Madeleine de Scudéry le déplore :
- dans une de ses lettres :
- J'ai pourtant à vous dire que la Seine, malgré vos avis, n'a pas laissé de nous envoyer ce matin un grand brouillard [...]. Priez-la aussi, je vous en conjure, s'il arrive qu'elle entende encore parler de moi dans les coches et dans les corbillards, comme si j'étais un bel esprit,
- De faire entendre en son murmure,
- Que bel esprit est une injure,
- Et que j'aimerais mieux être carpe ou merlan,
- Que d'être bel esprit seulement pour un an
.
- Tout de bon, c'est le plus fâcheux métier du monde; et si la Seine savoit combien c'est une chose importune, elle ne s'amuserait pas tant à gazouiller, de peur de devenir elle-même un bel esprit.
- ("Lettre de Mlle de Scudéry à Pellisson", 10 octobre 1656).
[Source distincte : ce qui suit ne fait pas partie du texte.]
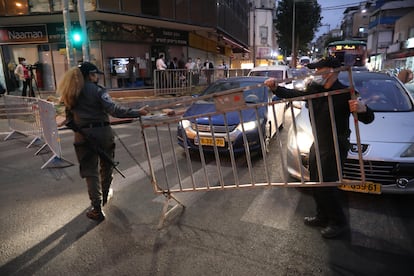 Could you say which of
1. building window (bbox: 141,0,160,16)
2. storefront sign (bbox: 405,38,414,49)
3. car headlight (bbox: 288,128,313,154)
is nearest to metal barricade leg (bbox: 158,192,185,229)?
car headlight (bbox: 288,128,313,154)

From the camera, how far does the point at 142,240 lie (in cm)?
341

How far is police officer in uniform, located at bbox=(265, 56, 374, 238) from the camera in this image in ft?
10.5

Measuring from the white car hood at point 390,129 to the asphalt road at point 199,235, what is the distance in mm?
872

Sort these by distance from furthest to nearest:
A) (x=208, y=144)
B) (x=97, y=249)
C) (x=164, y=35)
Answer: (x=164, y=35) → (x=208, y=144) → (x=97, y=249)

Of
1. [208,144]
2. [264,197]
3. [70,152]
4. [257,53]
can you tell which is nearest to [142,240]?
[264,197]

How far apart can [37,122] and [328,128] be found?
23.1 feet

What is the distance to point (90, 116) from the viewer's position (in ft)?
12.4

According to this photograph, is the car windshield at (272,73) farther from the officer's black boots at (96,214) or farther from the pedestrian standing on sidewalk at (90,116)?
the officer's black boots at (96,214)

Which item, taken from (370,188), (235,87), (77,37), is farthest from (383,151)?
(77,37)

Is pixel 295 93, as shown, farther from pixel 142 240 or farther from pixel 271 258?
pixel 142 240

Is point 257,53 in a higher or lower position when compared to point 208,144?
higher

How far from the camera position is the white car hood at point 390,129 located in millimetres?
3951

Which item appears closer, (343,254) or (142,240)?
(343,254)

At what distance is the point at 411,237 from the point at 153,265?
273 centimetres
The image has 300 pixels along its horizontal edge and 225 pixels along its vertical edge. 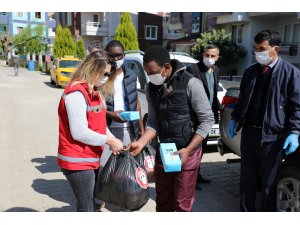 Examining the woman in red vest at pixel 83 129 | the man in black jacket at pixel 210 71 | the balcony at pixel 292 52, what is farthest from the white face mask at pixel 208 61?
the balcony at pixel 292 52

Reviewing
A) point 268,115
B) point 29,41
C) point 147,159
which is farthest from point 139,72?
point 29,41

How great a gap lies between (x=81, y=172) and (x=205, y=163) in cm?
347

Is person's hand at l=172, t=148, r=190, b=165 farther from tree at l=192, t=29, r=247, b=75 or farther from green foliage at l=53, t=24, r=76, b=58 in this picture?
green foliage at l=53, t=24, r=76, b=58

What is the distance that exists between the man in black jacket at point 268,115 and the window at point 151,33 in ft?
118

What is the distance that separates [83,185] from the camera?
8.56 ft

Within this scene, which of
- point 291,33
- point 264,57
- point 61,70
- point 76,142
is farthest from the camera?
point 291,33

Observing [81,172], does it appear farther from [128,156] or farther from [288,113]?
[288,113]

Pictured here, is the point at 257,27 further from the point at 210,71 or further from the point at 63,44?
the point at 210,71

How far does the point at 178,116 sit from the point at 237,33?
22.5 m

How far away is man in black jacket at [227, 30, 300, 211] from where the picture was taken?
118 inches

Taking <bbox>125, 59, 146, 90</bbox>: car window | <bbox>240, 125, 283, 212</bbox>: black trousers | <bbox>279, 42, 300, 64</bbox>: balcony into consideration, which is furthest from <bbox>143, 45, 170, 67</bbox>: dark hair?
<bbox>279, 42, 300, 64</bbox>: balcony

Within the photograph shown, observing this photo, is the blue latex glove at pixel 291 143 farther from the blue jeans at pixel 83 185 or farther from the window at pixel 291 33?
the window at pixel 291 33

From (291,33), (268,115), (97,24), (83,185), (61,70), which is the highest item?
(97,24)

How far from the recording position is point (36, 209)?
12.9ft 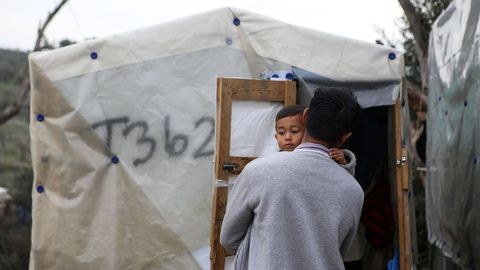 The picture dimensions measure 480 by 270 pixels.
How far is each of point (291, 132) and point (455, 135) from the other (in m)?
2.50

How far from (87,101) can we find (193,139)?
0.89 m

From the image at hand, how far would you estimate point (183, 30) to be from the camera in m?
5.27

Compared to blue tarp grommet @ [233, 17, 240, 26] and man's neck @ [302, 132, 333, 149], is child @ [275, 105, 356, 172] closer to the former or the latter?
man's neck @ [302, 132, 333, 149]

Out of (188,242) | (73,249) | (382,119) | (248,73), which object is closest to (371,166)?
(382,119)

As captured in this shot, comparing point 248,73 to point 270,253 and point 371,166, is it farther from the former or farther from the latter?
point 270,253

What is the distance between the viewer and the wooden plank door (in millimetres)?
4199

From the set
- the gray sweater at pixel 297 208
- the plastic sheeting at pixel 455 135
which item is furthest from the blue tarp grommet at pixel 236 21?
the gray sweater at pixel 297 208

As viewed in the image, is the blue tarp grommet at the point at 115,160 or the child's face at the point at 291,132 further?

- au tome V de son roman Clélie, histoire romaine (1658) :
- Vous ne savez guère ce que vous désirez, quand vous souhaitez d’être bel esprit; il n’y a rien de plus décrié dans le monde maintenant , et j’aimerais mieux être esclave que bel esprit. Ceux qui le sont avec raison le cachent, ceux qui n’ont pas de quoi soutenir cette qualité-là le sont si mal à propos qu’excepté ceux qui s’en moquent, personne ne veut de leur conversation […]il ne faudra seulement que nous faire savoir de quelle nature de bel esprit vous voulez être, car il y en a du premier ordre, il y en a de subalternes, il y en a de la cour, de la ville, de la campagne, et il y a même de beaux esprits du bas peuple.
- (V, 2, p. 1168)
En 1671, le Père Bouhours déclarera encore, dans ses Entretiens d'Ariste et d'Eugène, que
- la réputation de bel esprit est assez commune; il n'y a point de louange qu'on donne plus aisément dans le monde; il me semble même qu'il n'y a point de qualité qui coûte moins à acquérir; on en est quitte pour savoir l'art de faire agréablement un conte, ou de bien tourner un vers; une folie dite de bonne grâce, un madrigal, un couplet de chanson est assez souvent le mérite par lequel on s'érige en bel esprit; et vous m'avouerez que ce n'est guère que de ces diseurs et de ces faiseurs de jolies choses dont on a coutume de dire " Il est bel esprit".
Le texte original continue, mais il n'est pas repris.